Evolving trade routes dampen demand for Ultra Large Container Vessels
SINGAPORE : According to industry data, the demand for Ultra Large Container Vessels (ULCVs) has decreased as shipping companies shift to smaller, more versatile vessels to accommodate changing trade patterns.
The redirection of global trade away from China toward other Asian ports is prompting shipowners to abandon the trend of ordering massive cargo vessels, instead opting for smaller, more versatile ships.
Only six ultra-large container ships, capable of carrying over 17,000 twenty-foot equivalent units (TEUs), are set for delivery in 2025, compared with 17 in 2020, according to shipbroker Braemar.
In contrast, orders for mid-sized vessels, ranging from 12,000 to 16,999 TEUs, have surged, with 83 scheduled for completion in 2025—nearly five times the number delivered five years earlier, Financial Times reported.

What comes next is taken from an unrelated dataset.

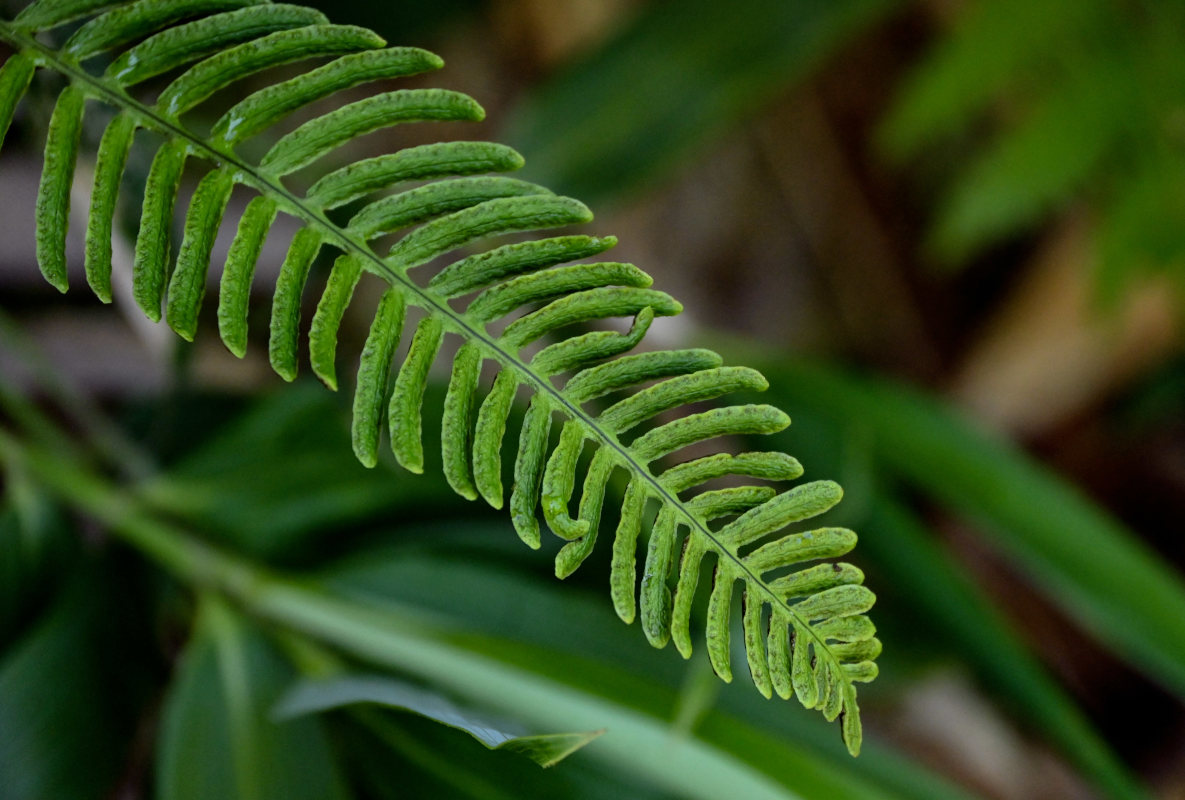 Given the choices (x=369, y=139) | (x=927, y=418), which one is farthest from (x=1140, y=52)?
(x=369, y=139)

The figures are the latest in a long line of indicators that trade routes are decentralising from China, with a growing emphasis on emerging hubs in Vietnam, India and Indonesia – all of which are generally better equipped to handle mid-sized vessels. To that end, we can expect to see an increase in activity at ports in South East Asia and South Asia, especially as supply chains move closer to emerging trade hubs and to end markets.
Changing trade patterns
Peter Sand, chief analyst at shipping market tracker Xeneta, said supply chains are increasingly shifting from China to smaller manufacturing hubs across Asia. “We definitely see increased interest away from sourcing only your products from China,” Sand said, noting that larger ships are only cost-effective when they can be fully loaded.
The trend reverses decades of shipowners favouring ever-larger vessels to meet the demands of booming global trade. The risks associated with such vessels became apparent in 2021 when the 20,000-TEU Ever Given blocked the Suez Canal for six days, disrupting international shipping.
Environmental and geopolitical concerns
New environmental regulations and geopolitical risks, such as recent attacks on ships in the Red Sea, have further cooled interest in ultra-large vessels, industry insiders say.
Donald Trump’s return to the White House this month is expected to amplify trade disruptions, as the president has threatened to escalate tariffs on Chinese imports, Financial Times reported.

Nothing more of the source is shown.